Luca thinks that it’s inevitable; that people and their callings find each other through a cosmic, magnetic pull. Take Mario Balotelli. Mario was born in Sicily, the son of two immigrants from Ghana. He was entrusted to the Balotelli family when he was three years old, and moved with them to Brescia. Growing up in Italy, he was exposed to soccer throughout his life. He is now signed up by the Internazionale (one of the best teams in the world) in a three-year deal, the maximum allowed for a player of his age. He has scored 19 goals in 18 league matches - a football phenomenon.

On the other hand, it is my opinion that the forces of nature are indifferent towards the task of matching people with what they are supposed to be doing with themselves. There are thousands of human beings out there stumbling through life, missing their destiny entirely. Think about it: among a daunting number of passions, and an equally astounding number of places where you could end up, your calling has to match not only your surroundings but a specific moment in history. It's possible, for example, for a spectacular software developer to have been born two hundred years before computers were ever invented.

Believing that the odds are staggeringly narrow does not make me jaded but rather wide eyed to recognizing the presence of a miracle when I see the mission and the person somehow finding each other’s eyes across a crowded room.

(Photo: Mario Balotelli's home page)

7 comments:

Anonymous said...

This premise has been treated in books and films in other contexts, for example, two people who might have fallen in love being born in the wrong century. Then there's the counterpart: a fixed idea regarding a physical or social phenomenon before the discovery of something, or the birth of someone, who will change it radically, e.g. Newton, or Galileo. In the final analysis, we have to play with the hand we're dealt. So if you still think the earth rotates around the sun or the earth is flat, and you've never entered the game with an open mind, you may have problems.
C.M.

sencho said...

I totally agree with Luca.

Good luck to Mario - he is a very promising chap indeed!

Miguel Cane said...

Dear Dushka,

I wholeheartedly agree with Luca.

I came from a middle-class home with very little artistic inclination -- sure, my grandfather loved movies and painting, and was encouraging, but I lost him at a very tender age...- and more than enough prejudice towards both homosexuality and writers.

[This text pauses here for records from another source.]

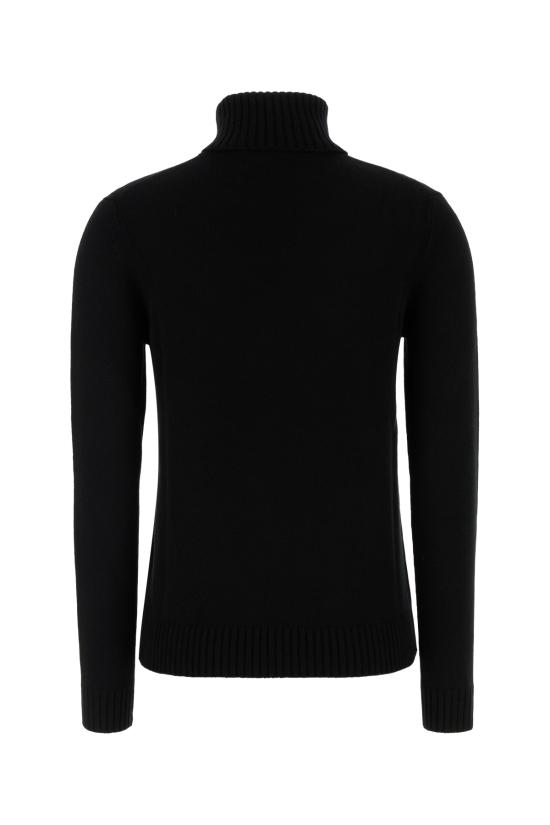 25FW 로로피아나 스웨터 FAM9052 8000 Black - LORO PIANA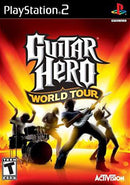 Guitar Hero World Tour (PS2) Video Games - Games - PS2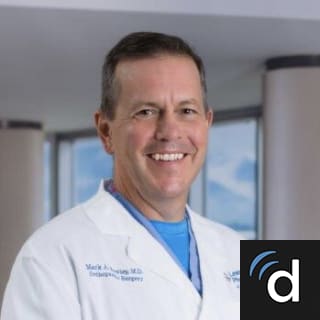 Mark Rowley, MD, Orthopaedic Surgery, Georgetown, SC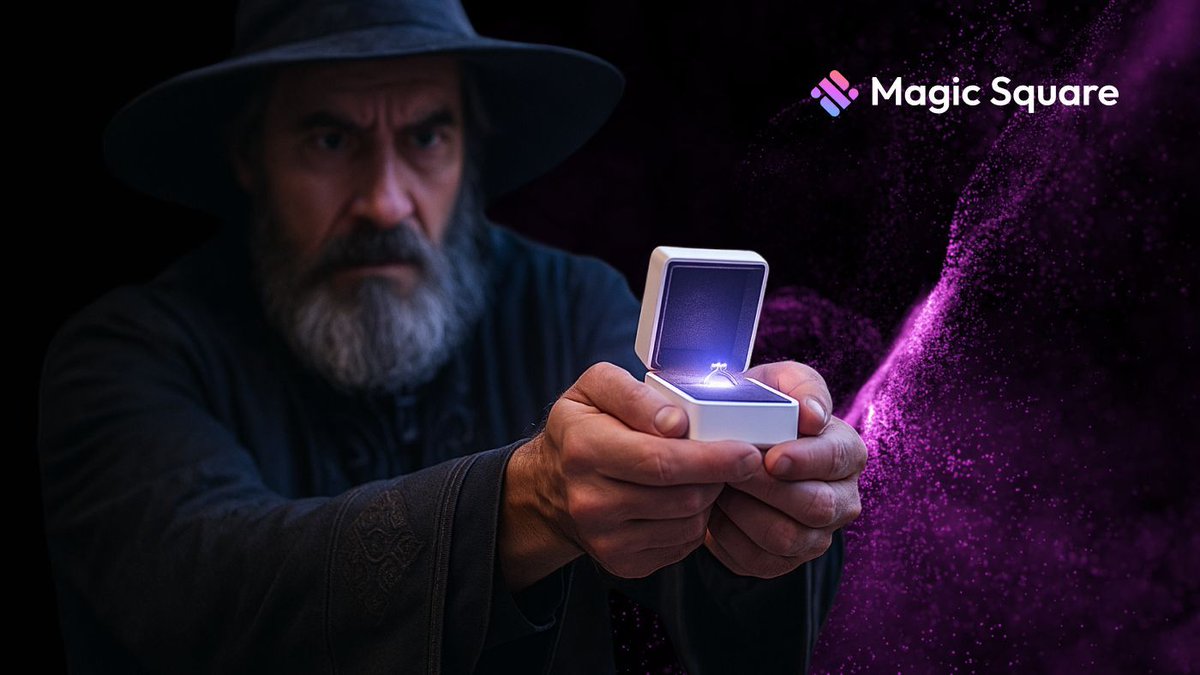MagicSquareio's tweet photo. When you find out your crush checks @MagicStoreWeb3 first thing in the morning. https://t.co/tzk5JgqQUH
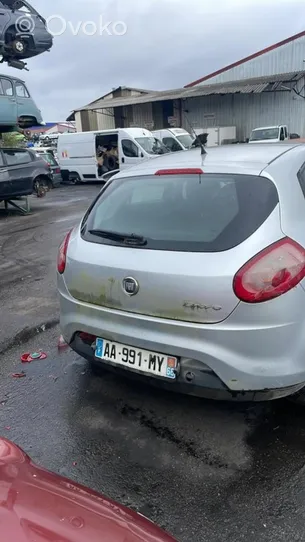 Fiat Bravo Pyyhkimen moottori 77364424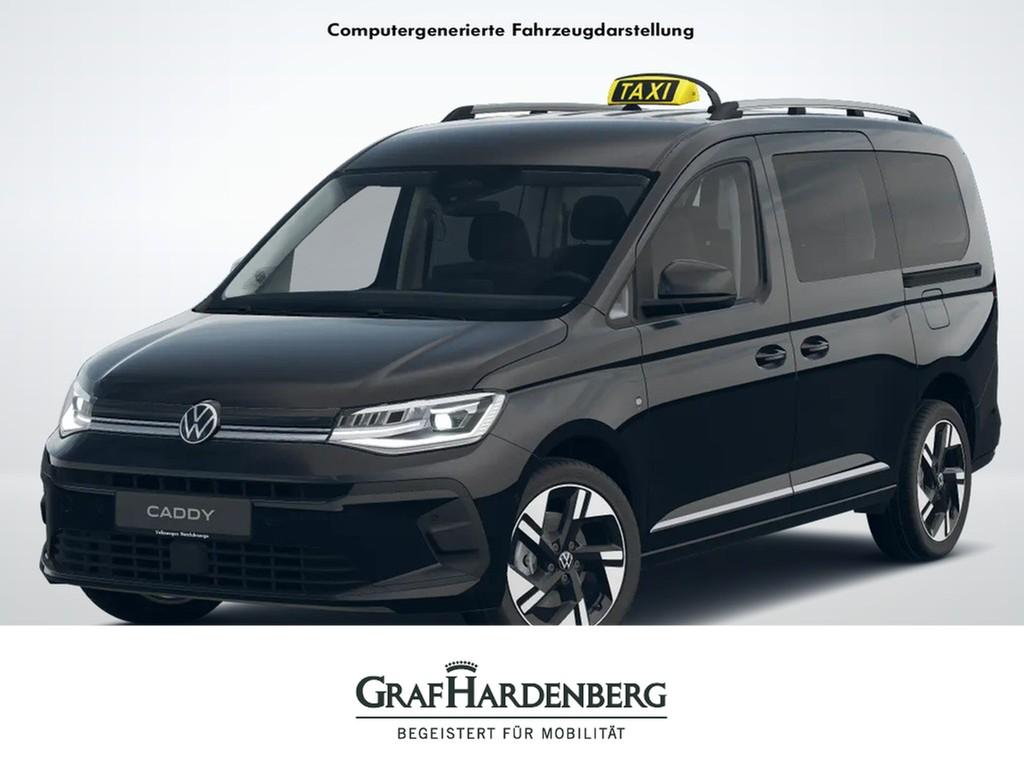 Volkswagen Caddy Maxi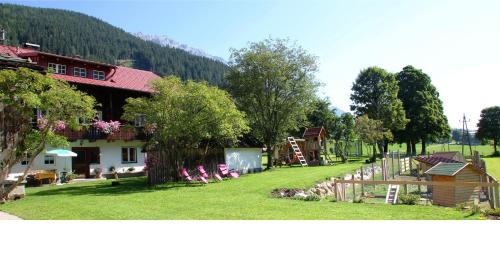 Schildlehen Apartment | Sattlehnerhof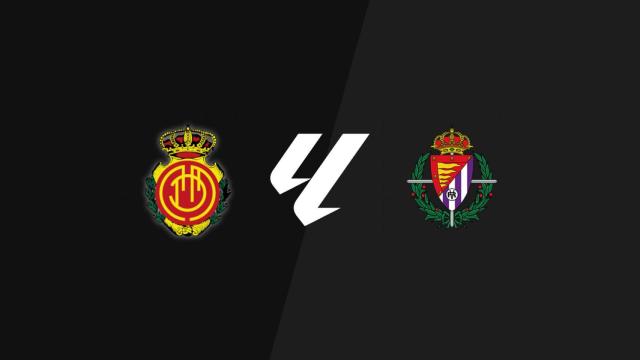 Mallorca - Valladolid, La Liga.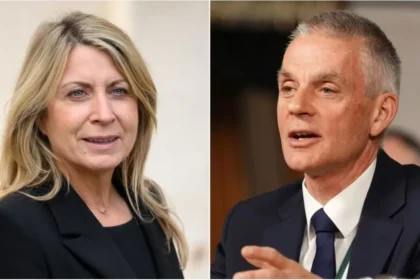 Dimiten el director general de la BBC, Tim Davie y la jefa de información de la cadena, Deborah Turness por edición del documental sobre Trump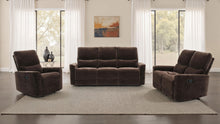 Load image into Gallery viewer, Navarro Reclining Sofa Set
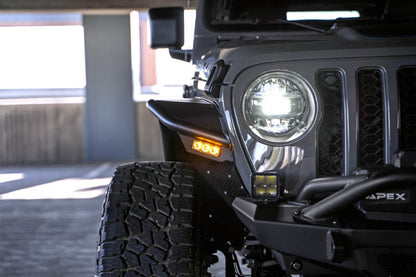 DV8 Offroad DVE Fenders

And I've become a professional writer, and I've embraced my homosexuality completely.

It was a very long and difficult journey. But it was rewarding. I was pulled towards narrative... there's no way in the world I could do anything else.

Much love, to both
(and CM too!)

MC

Anonymous said...

Dushka, you should look up the book "The man who knew infinity". It's the bio of Ramanujan, an Indian math whiz who "discovered" many math concepts by himself. A Cambridge prof. got a hold of him and brought him to the UK, where his math improved. His life story is a lot more complex, but he is one of those people who are born either in the wrong place or time. Fortunately for the world, he was "found".

Abrazo,

Gabriel

Dushka said...

Both Miguel and Ramanujan are incredibly lucky fellows.

Anonymous said...

Would a computer programmer born in 1800 not simply have become a steam engineer, thereby participating equally fully a seismic industrial shift in society. Or am I missing the point? ;-)

Sam said...

I tend to lean on the belief that at one point or another there is convergence between you and your calling. What seems to be the real predicament is the impulse to either jump or not to jump into the opportunity. Way to often pre-conditioning, habit and fear play a horrendous game and the window of opportunity may quickly disappear. Also, perhaps there is not just one exclusive calling that we may have. Life is way to dynamic and so are we. So you see if you were born 200 years ago it would have been consciously impossible to be a great computer engineer but certainly that person may have been the very best one. Then again, perhaps at different points in his natural life he could have been the very best pastry chef , professor, politician , etc.